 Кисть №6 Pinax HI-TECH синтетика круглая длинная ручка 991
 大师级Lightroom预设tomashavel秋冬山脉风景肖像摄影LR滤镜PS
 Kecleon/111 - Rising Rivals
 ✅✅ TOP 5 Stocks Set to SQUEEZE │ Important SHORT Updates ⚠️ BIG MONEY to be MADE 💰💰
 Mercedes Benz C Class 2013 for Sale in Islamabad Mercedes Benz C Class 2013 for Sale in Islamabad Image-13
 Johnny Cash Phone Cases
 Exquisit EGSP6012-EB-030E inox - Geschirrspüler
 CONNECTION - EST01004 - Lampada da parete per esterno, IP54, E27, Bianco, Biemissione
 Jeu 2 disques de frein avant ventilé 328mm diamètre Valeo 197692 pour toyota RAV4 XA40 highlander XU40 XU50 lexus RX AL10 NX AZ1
··········
* **Exercise directions**
Copy out all of the data exactly, leaving nothing out.

* **Completed exercise**
 Кисть №6 Pinax HI-TECH синтетика круглая длинная ручка 991
 大师级Lightroom预设tomashavel秋冬山脉风景肖像摄影LR滤镜PS
 Kecleon/111 - Rising Rivals
 ✅✅ TOP 5 Stocks Set to SQUEEZE │ Important SHORT Updates ⚠️ BIG MONEY to be MADE 💰💰
 Mercedes Benz C Class 2013 for Sale in Islamabad Mercedes Benz C Class 2013 for Sale in Islamabad Image-13
 Johnny Cash Phone Cases
 Exquisit EGSP6012-EB-030E inox - Geschirrspüler
 CONNECTION - EST01004 - Lampada da parete per esterno, IP54, E27, Bianco, Biemissione
 Jeu 2 disques de frein avant ventilé 328mm diamètre Valeo 197692 pour toyota RAV4 XA40 highlander XU40 XU50 lexus RX AL10 NX AZ1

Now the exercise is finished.